3. Benchmarked audio spoof detection approaches
A significant amount of research has been done to develop strategies that can detect audio spoofs reliably. These strategies can be broadly classified into three categories (Ali et al., 2023; Khan et al., 2023; Balamurali et al., 2019; Kamble et al., 2020),
-
(1)
Conventional Machine Learning Approaches
-
(2)
Representation Learning Approaches
-
(3)
End-to-end Learning Approaches
This section presents an overview of audio spoof detection approaches selected for this study. At least two audio spoof detection approaches from each category are selected. This selection is based on the availability of the open-source code.
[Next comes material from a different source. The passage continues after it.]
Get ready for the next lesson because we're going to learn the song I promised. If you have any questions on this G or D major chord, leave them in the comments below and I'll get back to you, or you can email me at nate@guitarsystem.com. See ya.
The description and implementation detail of each audio spoof detection approach grouped by category is given below,
3.1. Conventional Machine Learning Approaches
Conventional machine learning (ML)-based approaches for audio spoof detection typically consist of two parts. The first part deals with hand-crafted feature extraction (front-end) and the second part consists of a model (back-end) that determines the authenticity of the audio signal (Balamurali et al., 2019; Khan et al., 2023).
Two audio spoof detection approaches, CQCC-GMM and LFCC-GMM are selected. Both approaches employ Gaussian Mixture Models (GMM) as back-end, and constant-Q cepstral coefficients (CQCC) and linear frequency cepstral coefficients (LFCC) features as front-ends. The configuration for both approaches is described in (Yamagishi et al., 2021; Liu et al., 2023) and is kept the same as default. CQCC-GMM and LFCC-GMM report an EER of 8. 9% and 3. 7%, respectively, on the ASVSpoof 2019 LA eval database (Todisco et al., 2019).
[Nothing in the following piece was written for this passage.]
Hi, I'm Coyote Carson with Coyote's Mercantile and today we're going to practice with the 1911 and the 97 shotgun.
3.2. Representation Learning Approaches
Representation learning approaches work either in the form of feature learning (Qian et al., 2016) or as a pattern classifier (Yu et al., 2017). Two approaches are also selected from this category.
The first selected approach is LFCC-LCNN (Lavrentyeva et al., 2019). In this approach Lavrentyeva et al. (Lavrentyeva et al., 2019) explored several types of acoustic features with a light convolutional neural network (LCNN) architecture. The authors reported that the lowest min-tDCF was achieved by LFCC-LCNN system with an EER of 5.06% on the ASVSpoof 2019 LA dataset. The configuration details are provided in (Yamagishi et al., 2021; Liu et al., 2023). The second system is called OC-Softmax (Zhang et al., 2021). You and Jiang et al. formulated the voice anti-spoofing problem as a one-class classification problem. The key idea is to capture the target class distribution and set a tight boundary around it, so that all samples that belong to non-target class would fall outside this boundary. This method achieved an EER of 2.19% on the ASVSpoof 2019 LA eval dataset.
3.3. End-to-end Learning Approaches
End-to-end learning approaches for audio spoof detection operate directly upon raw waveform input, streamlining the training and evaluation process. Three audio spoof detection approaches are selected from this category.
The first system uses a modified RawNet2 architecture (Jung et al., 2020; Tak et al., 2021a), and reported inferior results compared to the baseline method, i.e. LFCC-GMM. The pooled EER for the base line was 3. 5%, while the proposed RawNet2 architecture reported 5.13%. The details of the implementation of this system are provided in (Yamagishi et al., 2021; Tak et al., 2021a; Liu et al., 2023). The second system in this category is a direct extension to RawNet2, called RawGat. Tak et al (Tak et al., 2021b) proposed the use of graph attention networks (GATs) for the detection of audio spoofing attacks. RawGat-ST system outperformed all other baseline systems by a substantial margin and reported an EER of 1.06% in the ASVSpoof 2019 LA database. The third system selected in this category is an extension to RawGat-ST, named AASIST (Jung et al., 2022). AASIST outperforms RawGAT-ST baseline with an EER of 0.083% on the ASVSpoof 2019 LA eval database.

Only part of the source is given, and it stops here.